##### Data for processing #####

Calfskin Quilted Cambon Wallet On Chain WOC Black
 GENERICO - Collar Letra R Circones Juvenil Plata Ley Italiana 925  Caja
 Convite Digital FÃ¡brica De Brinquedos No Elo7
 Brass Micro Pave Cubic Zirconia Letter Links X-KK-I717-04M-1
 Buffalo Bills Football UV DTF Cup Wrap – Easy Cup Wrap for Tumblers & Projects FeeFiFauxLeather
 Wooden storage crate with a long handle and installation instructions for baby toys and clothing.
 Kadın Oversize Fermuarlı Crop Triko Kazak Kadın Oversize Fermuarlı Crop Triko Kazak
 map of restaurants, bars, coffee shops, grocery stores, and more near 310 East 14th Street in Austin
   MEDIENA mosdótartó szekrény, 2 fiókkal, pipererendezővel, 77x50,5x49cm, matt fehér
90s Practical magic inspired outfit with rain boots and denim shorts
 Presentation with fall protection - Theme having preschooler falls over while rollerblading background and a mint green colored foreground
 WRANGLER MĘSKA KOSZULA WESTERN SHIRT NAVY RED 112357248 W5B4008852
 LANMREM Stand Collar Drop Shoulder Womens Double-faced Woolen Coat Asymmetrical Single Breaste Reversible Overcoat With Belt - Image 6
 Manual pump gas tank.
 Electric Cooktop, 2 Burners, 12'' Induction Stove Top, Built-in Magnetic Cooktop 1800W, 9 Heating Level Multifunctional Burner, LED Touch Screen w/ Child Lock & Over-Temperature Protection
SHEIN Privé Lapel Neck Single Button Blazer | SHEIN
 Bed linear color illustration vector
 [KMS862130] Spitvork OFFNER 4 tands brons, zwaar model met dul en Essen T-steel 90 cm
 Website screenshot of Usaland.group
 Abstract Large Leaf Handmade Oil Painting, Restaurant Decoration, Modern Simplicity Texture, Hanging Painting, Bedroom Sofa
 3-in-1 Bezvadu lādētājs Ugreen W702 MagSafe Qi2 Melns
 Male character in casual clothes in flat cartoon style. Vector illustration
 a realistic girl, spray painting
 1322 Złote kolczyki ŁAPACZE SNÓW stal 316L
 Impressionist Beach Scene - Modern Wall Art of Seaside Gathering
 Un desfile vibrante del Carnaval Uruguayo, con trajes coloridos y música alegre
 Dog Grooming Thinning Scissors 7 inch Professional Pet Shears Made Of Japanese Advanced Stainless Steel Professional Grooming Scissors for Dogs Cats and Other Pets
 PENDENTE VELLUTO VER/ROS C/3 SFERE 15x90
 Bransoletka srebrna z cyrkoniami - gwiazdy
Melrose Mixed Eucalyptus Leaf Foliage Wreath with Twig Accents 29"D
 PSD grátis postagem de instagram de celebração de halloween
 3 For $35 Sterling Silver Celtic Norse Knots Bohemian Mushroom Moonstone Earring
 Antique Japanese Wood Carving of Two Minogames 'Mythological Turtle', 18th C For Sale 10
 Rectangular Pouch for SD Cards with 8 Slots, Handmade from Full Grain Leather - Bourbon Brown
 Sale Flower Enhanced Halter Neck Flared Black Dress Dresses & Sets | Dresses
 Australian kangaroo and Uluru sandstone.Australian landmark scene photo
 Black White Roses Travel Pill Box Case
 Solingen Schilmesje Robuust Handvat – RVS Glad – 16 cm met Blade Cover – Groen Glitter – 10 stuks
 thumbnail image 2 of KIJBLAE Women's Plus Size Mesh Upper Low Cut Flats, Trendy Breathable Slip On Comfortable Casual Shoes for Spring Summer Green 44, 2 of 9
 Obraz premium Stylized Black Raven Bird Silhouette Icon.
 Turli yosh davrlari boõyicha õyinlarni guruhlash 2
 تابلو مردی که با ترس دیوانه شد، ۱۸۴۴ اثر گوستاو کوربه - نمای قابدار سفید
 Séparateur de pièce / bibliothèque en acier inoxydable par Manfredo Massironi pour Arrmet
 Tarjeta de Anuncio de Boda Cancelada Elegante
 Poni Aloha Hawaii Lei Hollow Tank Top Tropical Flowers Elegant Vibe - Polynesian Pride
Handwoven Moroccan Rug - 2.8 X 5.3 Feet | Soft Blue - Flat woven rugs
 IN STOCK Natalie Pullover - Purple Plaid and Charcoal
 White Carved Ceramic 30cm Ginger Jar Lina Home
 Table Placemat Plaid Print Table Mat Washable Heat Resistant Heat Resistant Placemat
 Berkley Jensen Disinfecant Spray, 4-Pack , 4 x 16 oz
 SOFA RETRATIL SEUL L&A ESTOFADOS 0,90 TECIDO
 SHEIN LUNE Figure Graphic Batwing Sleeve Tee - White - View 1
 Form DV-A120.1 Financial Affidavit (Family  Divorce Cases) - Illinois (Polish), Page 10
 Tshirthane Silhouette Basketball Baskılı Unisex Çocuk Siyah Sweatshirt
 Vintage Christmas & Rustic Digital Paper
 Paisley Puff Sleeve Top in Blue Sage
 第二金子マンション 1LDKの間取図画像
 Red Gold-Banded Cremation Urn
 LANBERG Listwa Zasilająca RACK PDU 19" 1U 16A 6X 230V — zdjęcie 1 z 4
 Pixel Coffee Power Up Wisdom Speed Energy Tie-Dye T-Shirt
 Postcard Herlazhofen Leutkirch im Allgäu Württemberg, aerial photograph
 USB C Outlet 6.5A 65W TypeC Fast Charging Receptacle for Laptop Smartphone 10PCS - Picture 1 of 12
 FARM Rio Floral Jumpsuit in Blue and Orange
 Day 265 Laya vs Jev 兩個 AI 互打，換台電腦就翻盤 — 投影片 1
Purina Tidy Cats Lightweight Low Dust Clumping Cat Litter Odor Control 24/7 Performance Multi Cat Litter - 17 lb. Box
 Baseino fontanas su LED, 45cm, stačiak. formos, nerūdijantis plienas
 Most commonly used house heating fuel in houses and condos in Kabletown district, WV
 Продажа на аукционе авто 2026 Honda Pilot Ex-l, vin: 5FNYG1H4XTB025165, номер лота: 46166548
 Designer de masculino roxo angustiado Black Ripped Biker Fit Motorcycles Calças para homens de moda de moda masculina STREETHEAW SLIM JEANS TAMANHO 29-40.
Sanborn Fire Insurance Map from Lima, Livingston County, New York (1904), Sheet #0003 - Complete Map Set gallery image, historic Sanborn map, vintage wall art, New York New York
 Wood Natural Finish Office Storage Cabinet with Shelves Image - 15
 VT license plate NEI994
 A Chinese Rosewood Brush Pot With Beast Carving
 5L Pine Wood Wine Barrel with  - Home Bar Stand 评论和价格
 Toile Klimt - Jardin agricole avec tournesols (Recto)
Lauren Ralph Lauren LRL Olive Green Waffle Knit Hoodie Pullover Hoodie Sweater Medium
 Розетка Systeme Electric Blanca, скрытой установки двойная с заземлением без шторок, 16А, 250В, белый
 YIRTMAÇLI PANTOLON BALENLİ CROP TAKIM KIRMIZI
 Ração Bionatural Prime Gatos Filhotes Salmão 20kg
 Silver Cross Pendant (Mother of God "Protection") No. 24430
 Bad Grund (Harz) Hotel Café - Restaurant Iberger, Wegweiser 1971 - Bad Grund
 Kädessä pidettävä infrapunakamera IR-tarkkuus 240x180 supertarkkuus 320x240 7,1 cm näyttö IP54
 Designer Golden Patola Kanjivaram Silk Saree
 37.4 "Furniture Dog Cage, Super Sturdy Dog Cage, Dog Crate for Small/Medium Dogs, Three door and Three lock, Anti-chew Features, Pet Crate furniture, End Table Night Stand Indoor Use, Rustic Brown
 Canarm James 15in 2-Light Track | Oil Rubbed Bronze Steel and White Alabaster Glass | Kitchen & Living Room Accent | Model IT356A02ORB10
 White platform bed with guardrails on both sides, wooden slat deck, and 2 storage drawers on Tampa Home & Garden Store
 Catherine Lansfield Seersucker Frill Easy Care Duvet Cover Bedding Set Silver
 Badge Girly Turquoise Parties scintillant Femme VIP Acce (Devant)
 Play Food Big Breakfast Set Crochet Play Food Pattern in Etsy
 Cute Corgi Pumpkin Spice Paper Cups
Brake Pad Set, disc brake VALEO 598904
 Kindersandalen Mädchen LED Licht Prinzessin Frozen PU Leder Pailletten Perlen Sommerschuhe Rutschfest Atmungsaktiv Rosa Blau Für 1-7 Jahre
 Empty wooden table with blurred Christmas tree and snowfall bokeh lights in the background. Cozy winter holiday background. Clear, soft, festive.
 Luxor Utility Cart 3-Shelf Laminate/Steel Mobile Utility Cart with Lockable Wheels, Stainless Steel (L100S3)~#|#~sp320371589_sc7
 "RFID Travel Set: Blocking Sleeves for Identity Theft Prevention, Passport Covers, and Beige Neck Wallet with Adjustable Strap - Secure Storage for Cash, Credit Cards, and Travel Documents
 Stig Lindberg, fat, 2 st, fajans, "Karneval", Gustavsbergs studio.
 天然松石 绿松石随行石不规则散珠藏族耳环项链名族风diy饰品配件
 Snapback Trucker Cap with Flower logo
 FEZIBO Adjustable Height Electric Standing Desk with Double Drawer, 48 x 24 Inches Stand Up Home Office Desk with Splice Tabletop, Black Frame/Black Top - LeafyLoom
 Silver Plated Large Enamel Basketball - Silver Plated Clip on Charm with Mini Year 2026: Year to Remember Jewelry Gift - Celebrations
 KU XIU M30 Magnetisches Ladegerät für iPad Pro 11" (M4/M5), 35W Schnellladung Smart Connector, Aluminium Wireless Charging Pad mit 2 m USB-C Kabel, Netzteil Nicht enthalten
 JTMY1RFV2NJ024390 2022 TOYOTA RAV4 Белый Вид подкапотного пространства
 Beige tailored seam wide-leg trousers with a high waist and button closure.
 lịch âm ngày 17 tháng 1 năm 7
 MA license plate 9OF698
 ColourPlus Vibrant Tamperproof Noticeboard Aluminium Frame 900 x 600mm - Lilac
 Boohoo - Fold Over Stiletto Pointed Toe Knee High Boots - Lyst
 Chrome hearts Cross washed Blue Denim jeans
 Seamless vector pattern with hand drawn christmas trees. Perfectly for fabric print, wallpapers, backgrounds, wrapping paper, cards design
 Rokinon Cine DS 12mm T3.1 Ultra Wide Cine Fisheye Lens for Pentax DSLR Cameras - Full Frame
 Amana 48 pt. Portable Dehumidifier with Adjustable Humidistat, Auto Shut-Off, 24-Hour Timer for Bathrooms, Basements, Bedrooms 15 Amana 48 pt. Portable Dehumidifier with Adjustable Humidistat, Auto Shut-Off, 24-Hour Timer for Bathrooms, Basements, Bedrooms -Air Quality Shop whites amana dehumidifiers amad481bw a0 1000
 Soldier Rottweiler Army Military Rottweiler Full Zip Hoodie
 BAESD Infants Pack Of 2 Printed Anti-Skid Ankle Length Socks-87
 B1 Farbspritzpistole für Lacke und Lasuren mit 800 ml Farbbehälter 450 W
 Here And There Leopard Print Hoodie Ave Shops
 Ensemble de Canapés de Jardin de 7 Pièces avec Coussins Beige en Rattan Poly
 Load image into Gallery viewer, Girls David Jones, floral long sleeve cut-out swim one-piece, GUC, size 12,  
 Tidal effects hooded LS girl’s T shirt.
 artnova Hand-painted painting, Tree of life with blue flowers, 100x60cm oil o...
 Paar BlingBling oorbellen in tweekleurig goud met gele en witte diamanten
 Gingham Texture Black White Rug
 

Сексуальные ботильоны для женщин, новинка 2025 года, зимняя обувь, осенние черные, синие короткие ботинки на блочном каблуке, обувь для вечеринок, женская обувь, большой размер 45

#####

**Description of the task:**
Only the lines from the start of the listing through the line with "Un desfile vibrante" should be repeated, each exactly as it stands.

**Your response:**
Calfskin Quilted Cambon Wallet On Chain WOC Black
 GENERICO - Collar Letra R Circones Juvenil Plata Ley Italiana 925  Caja
 Convite Digital FÃ¡brica De Brinquedos No Elo7
 Brass Micro Pave Cubic Zirconia Letter Links X-KK-I717-04M-1
 Buffalo Bills Football UV DTF Cup Wrap – Easy Cup Wrap for Tumblers & Projects FeeFiFauxLeather
 Wooden storage crate with a long handle and installation instructions for baby toys and clothing.
 Kadın Oversize Fermuarlı Crop Triko Kazak Kadın Oversize Fermuarlı Crop Triko Kazak
 map of restaurants, bars, coffee shops, grocery stores, and more near 310 East 14th Street in Austin
   MEDIENA mosdótartó szekrény, 2 fiókkal, pipererendezővel, 77x50,5x49cm, matt fehér
90s Practical magic inspired outfit with rain boots and denim shorts
 Presentation with fall protection - Theme having preschooler falls over while rollerblading background and a mint green colored foreground
 WRANGLER MĘSKA KOSZULA WESTERN SHIRT NAVY RED 112357248 W5B4008852
 LANMREM Stand Collar Drop Shoulder Womens Double-faced Woolen Coat Asymmetrical Single Breaste Reversible Overcoat With Belt - Image 6
 Manual pump gas tank.
 Electric Cooktop, 2 Burners, 12'' Induction Stove Top, Built-in Magnetic Cooktop 1800W, 9 Heating Level Multifunctional Burner, LED Touch Screen w/ Child Lock & Over-Temperature Protection
SHEIN Privé Lapel Neck Single Button Blazer | SHEIN
 Bed linear color illustration vector
 [KMS862130] Spitvork OFFNER 4 tands brons, zwaar model met dul en Essen T-steel 90 cm
 Website screenshot of Usaland.group
 Abstract Large Leaf Handmade Oil Painting, Restaurant Decoration, Modern Simplicity Texture, Hanging Painting, Bedroom Sofa
 3-in-1 Bezvadu lādētājs Ugreen W702 MagSafe Qi2 Melns
 Male character in casual clothes in flat cartoon style. Vector illustration
 a realistic girl, spray painting
 1322 Złote kolczyki ŁAPACZE SNÓW stal 316L
 Impressionist Beach Scene - Modern Wall Art of Seaside Gathering
 Un desfile vibrante del Carnaval Uruguayo, con trajes coloridos y música alegre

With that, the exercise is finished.